M-Machine Publications
The MIT Multi-ALU Processor
I. Introduction
The Multi-ALU Processor (MAP) chip is a component of the M-Machine
multicomputer, an experimental machine being developed at MIT to test
architectural concepts motivated by the constraints of semiconductor
technology and the demands of programming systems, such as faster
execution of fixed sized problems and easier use of parallel
computers. Each six-chip M-Machine node consists of a MAP chip and 8
MBytes of synchronous DRAM (SDRAM) with ECC. The MAP chip employs a
novel architecture for exploiting instruction level parallelism as
well as mechanisms to enable large scale multiprocessing. These
include an on-chip integrated network interface and router as well as
mechanisms for enabling data sharing among processors. In addition,
the MAP employs an efficient capability based addressing scheme to
provide protection and ensure data integrity.

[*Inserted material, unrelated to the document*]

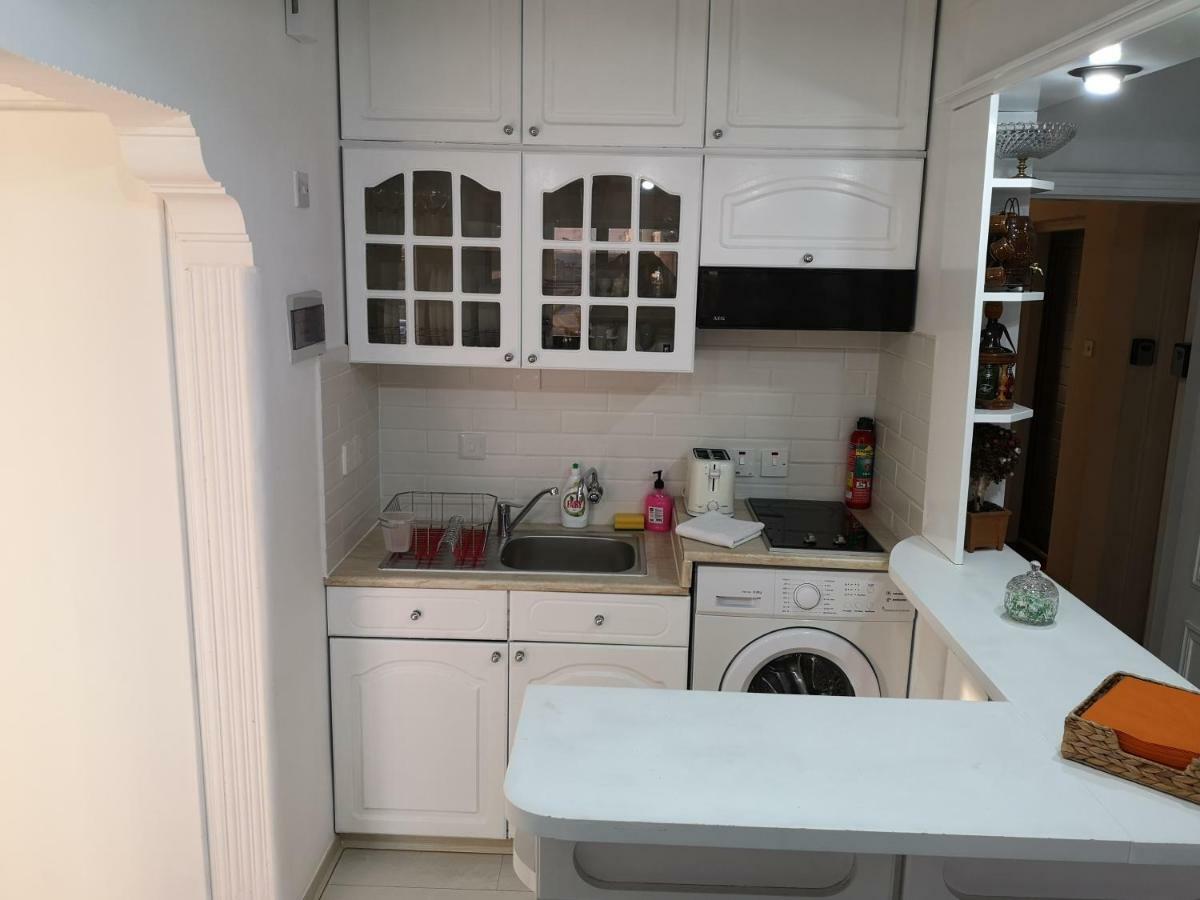 Bettys 1Br Seafront Apt Larnaca Buitenkant foto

The MAP chip is implemented using 7.5 million transistors in a 5
metal, 0.5 micron process. All of the datapath layout is complete and
we are currently performing place and route of the standard-cell
control logic. Tapeout is scheduled for June 1997.
II. MAP Architecture
The MAP chip contains three 64-bit execution clusters, a unified cache
which is divided into into four banks, an external memory interface,
and a communication subsystem consisting of a network interface and a
the router. Two of the clusters have two integer units, a floating
point multiply-add unit, and a floating point divide/square-root unit.

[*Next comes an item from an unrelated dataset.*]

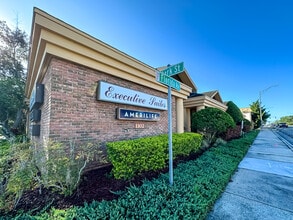 1102 S Florida Ave, Lakeland, FL for lease Interior Photo- Image 1 of 31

The third cluster has only two integer units.
Two crossbar switches interconnect these components. Clusters make
memory requests to the appropriate bank of the interleaved cache over
the 142-bit wide 3x4 crossbar M-Switch. The 88-bit wide 9x3 crossbar
C-Switch is used for inter-cluster communication and to return data
from the memory system. Both switches support up to three transfers
per cycle; each cluster may send and receive one transfer per cycle.
The 64KB unified on-chip cache is organized as four 16KB banks that
are word-interleaved to permit accesses to consecutive addresses to
proceed in parallel. The cache banks are pipelined with a three-cycle
read latency, including switch traversal. Each cluster has its own
8KB instruction cache which fetches instructions from the unified
cache when instruction cache misses occur. A 128 entry TLB is used to
implement virtual memory.
The MAP employs a form of Processor Coupling to control the multiple
ALUs. Each of the three clusters has its own independent instruction
stream. However, threads running on those clusters may communicate
and synchronize with one another very quickly by writing into each
other's register files via the C-Switch. Scoreboard bits on the
registers are used to synchronize these register-register transfers,
as well as to indicate when the data from a load has returned from the
non-blocking memory system. Clusters may also communicate and
synchronize through globally broadcast condition codes, a cluster
barrier instruction (CBAR), and through the on-chip cache.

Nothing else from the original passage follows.